Years of restriction, denying yourself certain foods, or distrusting your body, requires some undoing to get to really hear the body’s signals. We might be afraid of what the body will say if we check in. “What if my body asks for cookies, fried chicken or pizza? That can’t be good. And if I ask my body, won’t I want that all the time?”
While it’s true that when you first begin to consult the body, it’s more likely the mind that responds. Over time, if we practice listening, and responding to the body and paying attention to how food makes us feel, we may be surprised that the body really desires a variety of foods (and you can try this with movement, too!).

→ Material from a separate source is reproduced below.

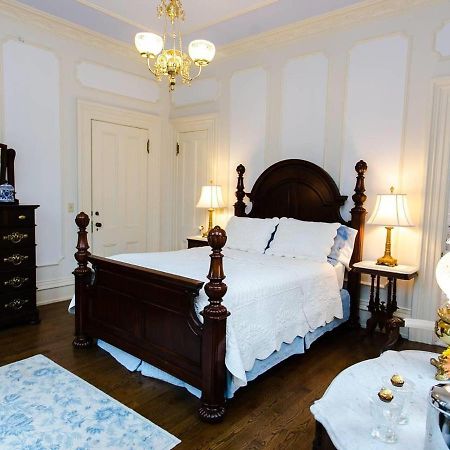 Silas W Robbins B&B Wethersfield Экстерьер фото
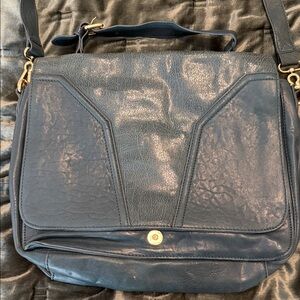 Vince Camuto Textured Shoulder Bag - green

What I practice myself, and suggest to participants at Green Mountain, is that when possible, consult your body before you look at the menu or open the refrigerator. This works best when you’re not restricting food and are familiar with and feeding your stomach hunger. The first question would be “am I hungry?” And then you can check in with your body around what it needs and wants to eat. The founders of Overcoming Overeating refer to this process as making the match. Ask your body, and be specific… do you want something cold? Crunchy? Spicy? Imagine the food in your body. Is this the right fit?
You may not be able to find exactly what your body wants, but if you do your best to listen and respond to as many of these qualities as you can, feeding yourself this way can be deeply satisfying.
Can you think of a time when you experienced cellular hunger? What did it tell you?